Final answer:
The price of a $1,000 par value bond with a 7% coupon rate currently selling for $820, 10 years from now, depends on the constant yield to maturity. Without knowing the exact yield to maturity, one cannot calculate the exact future price of the bond. Interest rates affect bond prices inversely; if rates go up, bond prices fall and vice versa.
Step-by-step explanation:
The question is asking for the future price of a bond given its current price, coupon rate, and yield to maturity. For a $1,000 par value bond with a 7% annual coupon rate and a current selling price of $820, we need to calculate what its price would be 10 years from now if the yield to maturity remains constant. Bonds are frequently affected by the changes in prevailing interest rates in the economy.
If interest rates rise, a bond with a lower coupon rate becomes less attractive, causing its price to drop below its face value to offer a higher yield that aligns with the new rates. Conversely, if rates fall, a bond with a higher coupon rate becomes more attractive, and its price can increase above face value, thereby decreasing its yield to match the current lower rates.

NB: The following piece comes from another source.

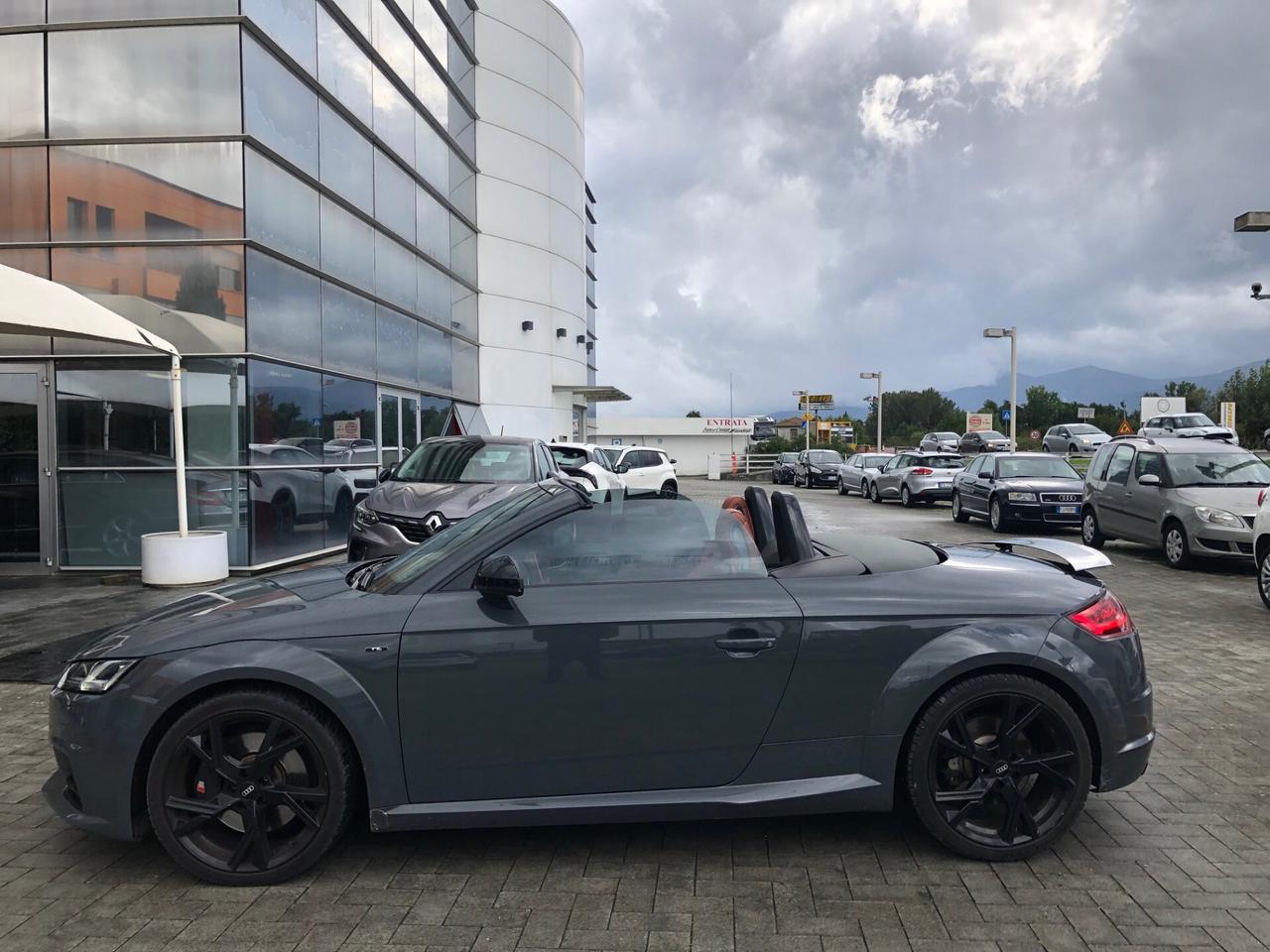 Audi TT TTS Roadster TFSI quattro S tronic 20 anniversary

Given the provided information, we do not have enough data to exactly calculate the future bond price in 10 years, as the yield to maturity has not been explicitly stated. However, if the yield to maturity is equivalent to the bond's current yield based on the price of $820, we can utilize financial formulas or a financial calculator to find the bond's future price. We would need to know the specific yield to maturity rate to provide an accurate calculation.